## YOUR OBJECTIVE
A faithful transcription is wanted of the lines from the top of the material through the line that holds "Evoxsy | Elegant", both ends included, leaving out the pictures.

-- Opening Marker --

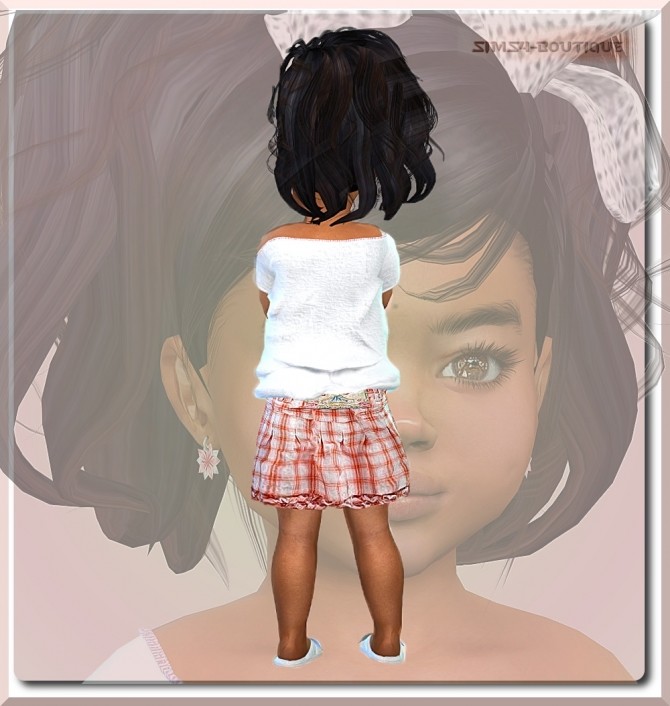Sims 4 Designer Set for Little Girls at Sims4 Boutique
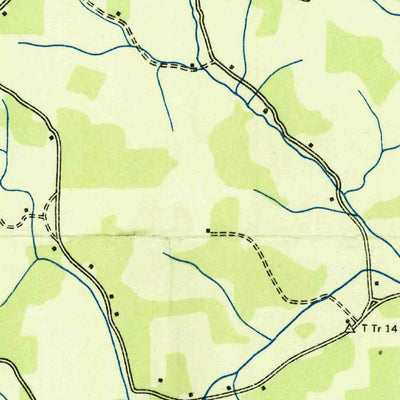 United States Geological Survey Loudon, TN (1936, 24000-Scale) digital map
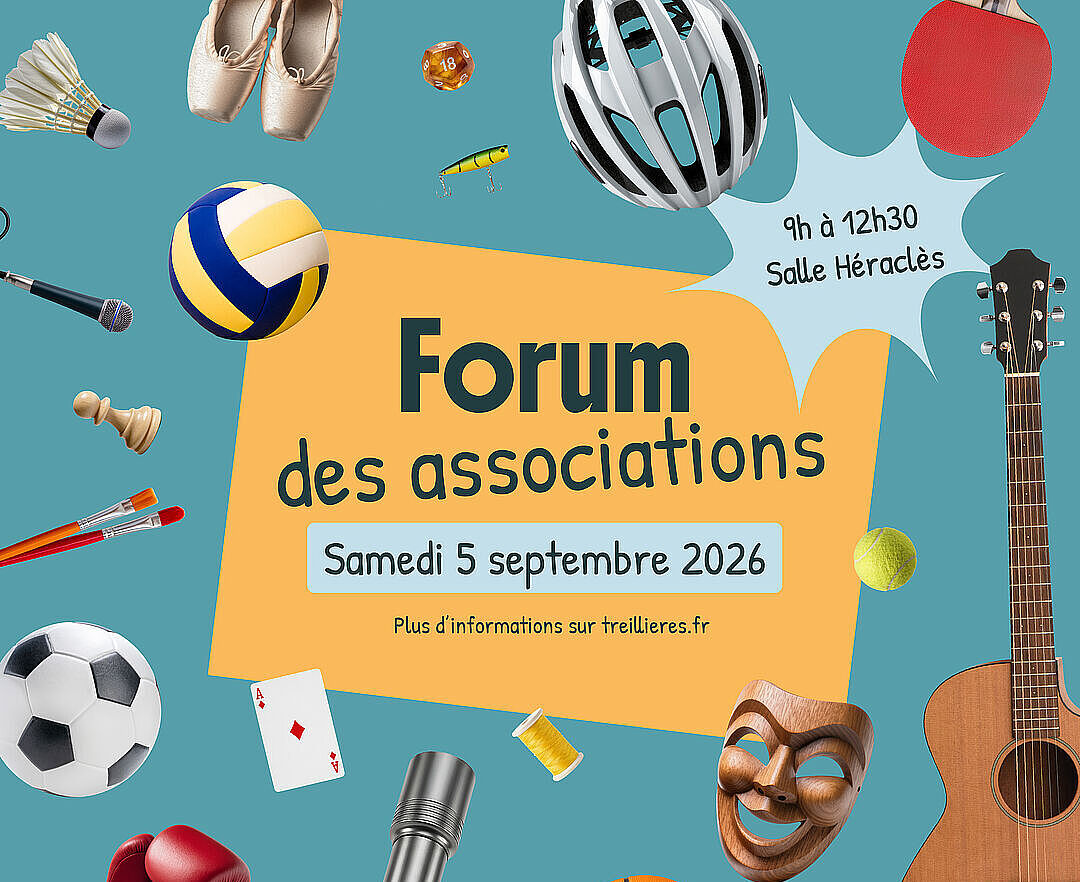 Inscriptions - Forum des associations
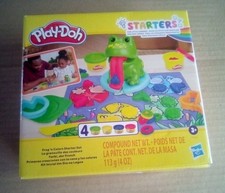 Play-Doh Frog ‘n Colours Starter Set.      (opened COMPLETE. new but tatty box )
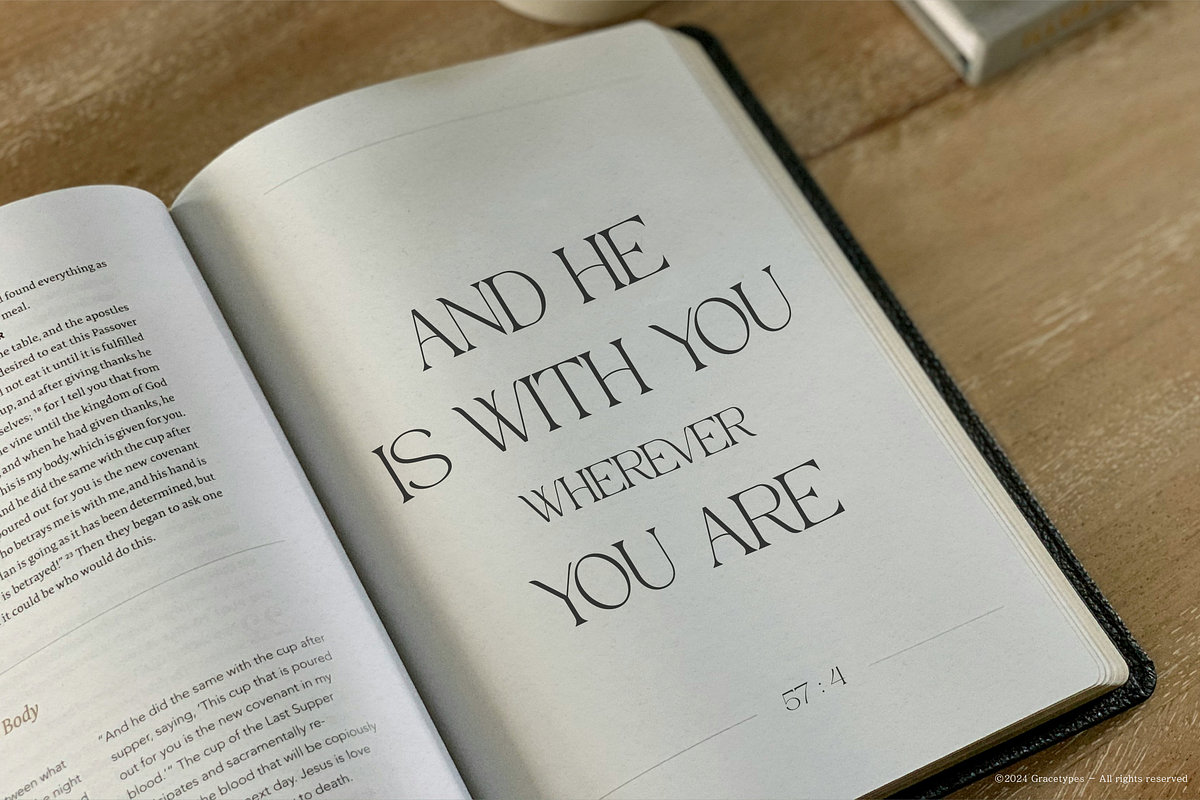 Evoxsy | Elegant Serif, a Serif Font by gracetype_studio (Photo 4 of 12)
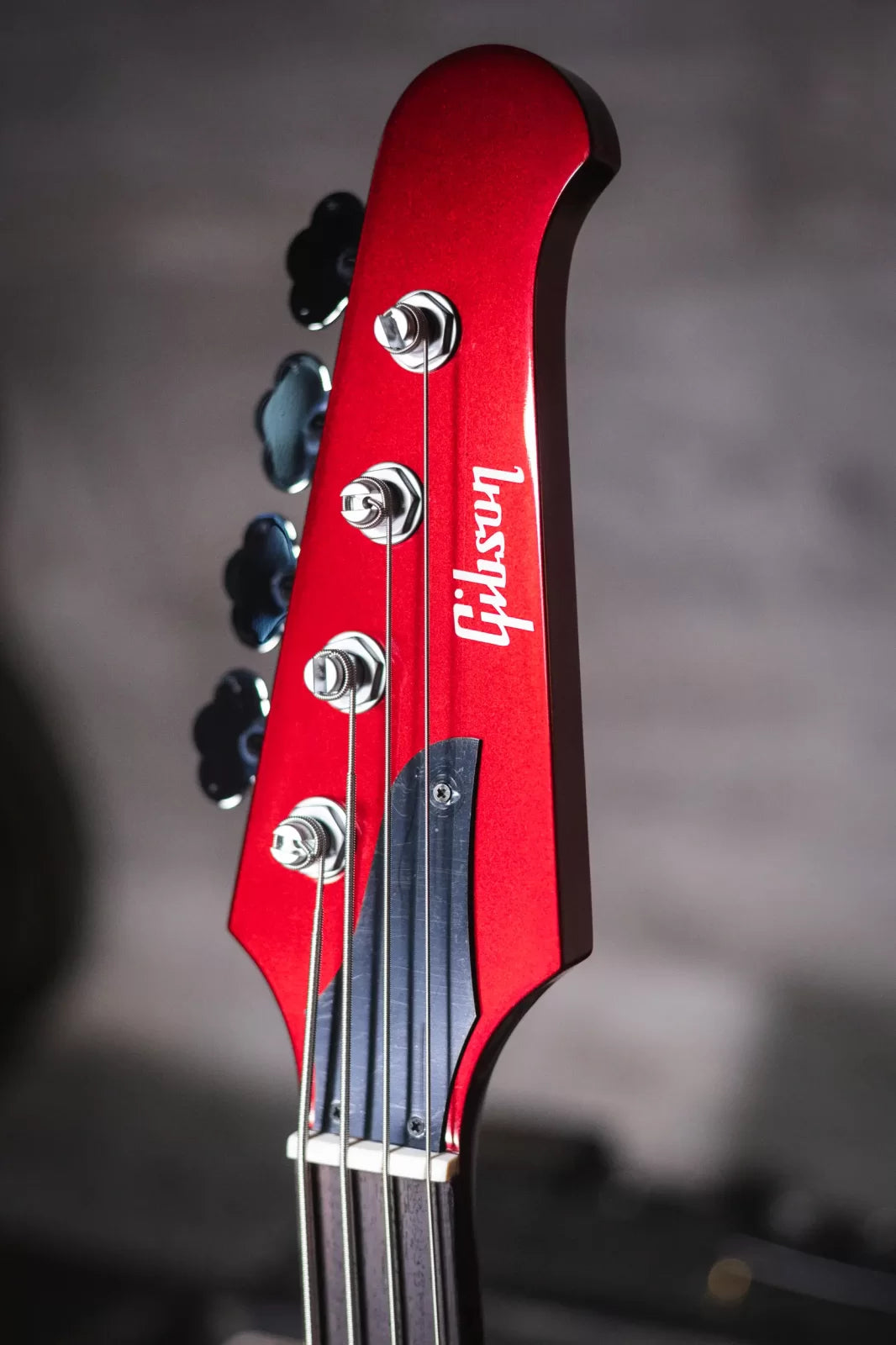 Gibson Non-Reverse Thunderbird Electric Bass - Sparkling Burgundy with Hardshell Case - Floor Model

-- Closing Marker --

## RESULT FOR THIS EXERCISE
Sims 4 Designer Set for Little Girls at Sims4 Boutique
 United States Geological Survey Loudon, TN (1936, 24000-Scale) digital map
 Inscriptions - Forum des associations
 Play-Doh Frog ‘n Colours Starter Set.      (opened COMPLETE. new but tatty box )
 Evoxsy | Elegant Serif, a Serif Font by gracetype_studio (Photo 4 of 12)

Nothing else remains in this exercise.